## Work required
Entries below include pictures. Output exactly the lines from the one with "Grill elektryczny z" down to the one with "a white kitchen", both ends included, and leave the pictures out.

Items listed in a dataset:
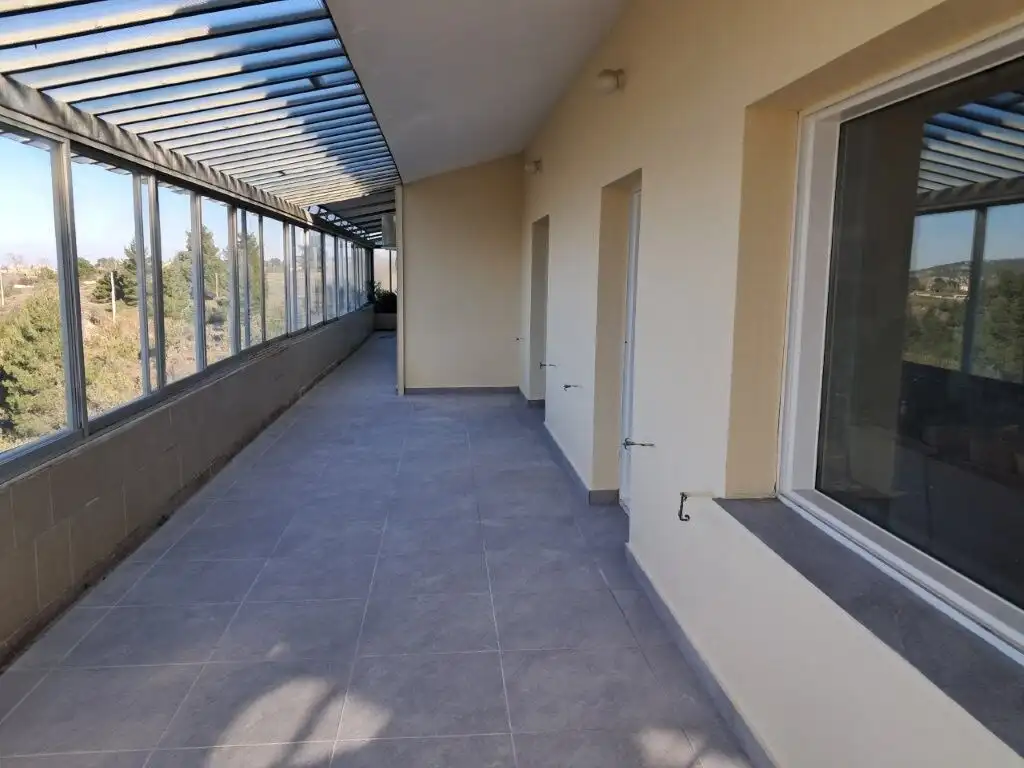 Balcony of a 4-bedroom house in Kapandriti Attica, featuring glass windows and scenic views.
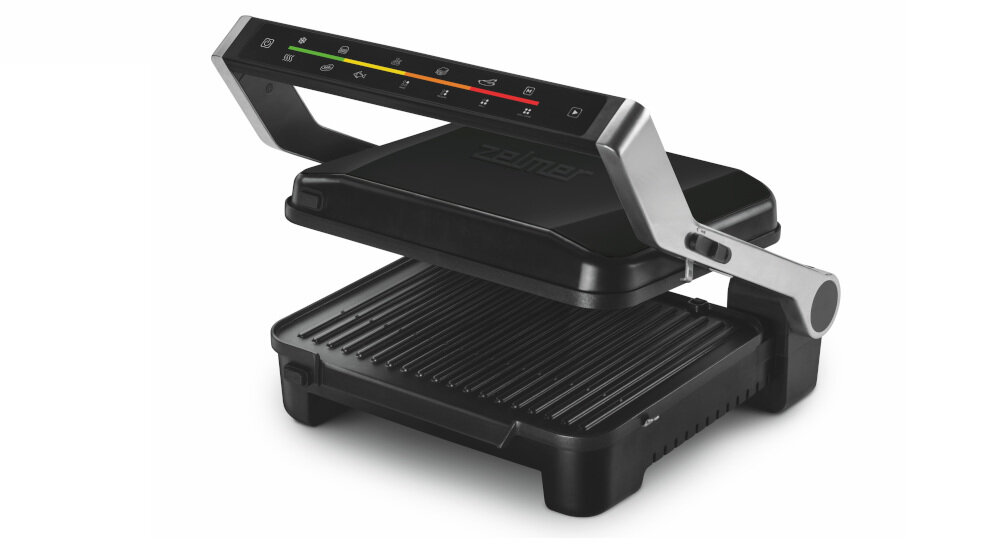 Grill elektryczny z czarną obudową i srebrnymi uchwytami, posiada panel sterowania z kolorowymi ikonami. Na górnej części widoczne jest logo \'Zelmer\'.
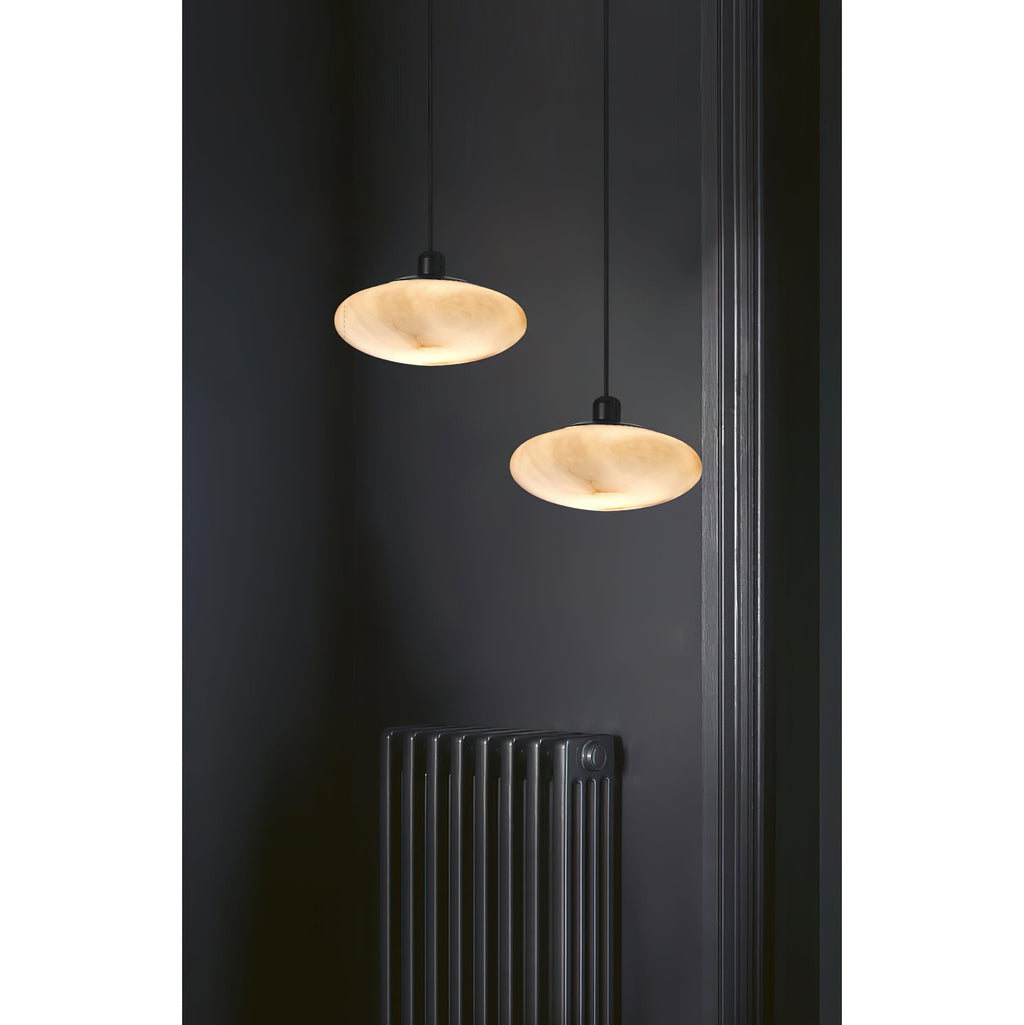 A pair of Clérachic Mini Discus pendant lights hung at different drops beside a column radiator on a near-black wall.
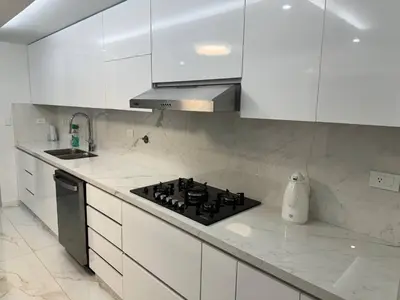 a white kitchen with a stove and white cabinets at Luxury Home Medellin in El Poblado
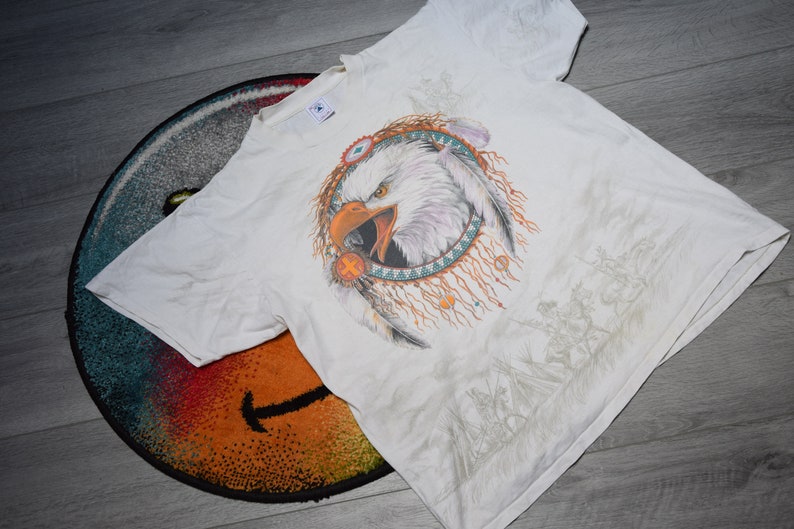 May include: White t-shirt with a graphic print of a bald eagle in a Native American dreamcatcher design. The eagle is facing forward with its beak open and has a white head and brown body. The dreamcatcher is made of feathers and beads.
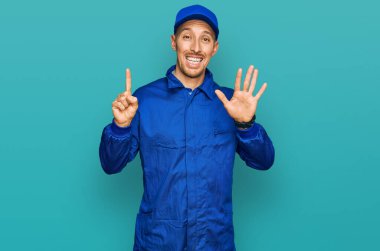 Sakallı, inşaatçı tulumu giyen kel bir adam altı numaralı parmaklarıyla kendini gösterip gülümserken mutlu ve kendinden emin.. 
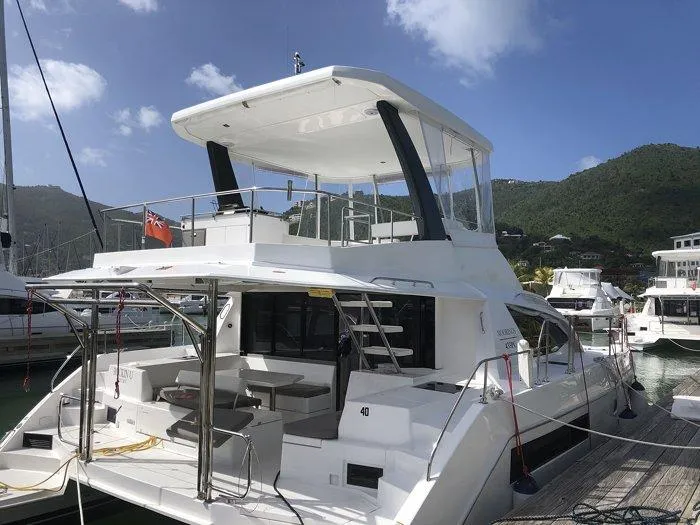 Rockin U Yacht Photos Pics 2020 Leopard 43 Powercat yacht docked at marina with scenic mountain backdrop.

## Output below
 Grill elektryczny z czarną obudową i srebrnymi uchwytami, posiada panel sterowania z kolorowymi ikonami. Na górnej części widoczne jest logo \'Zelmer\'.
 A pair of Clérachic Mini Discus pendant lights hung at different drops beside a column radiator on a near-black wall.
 a white kitchen with a stove and white cabinets at Luxury Home Medellin in El Poblado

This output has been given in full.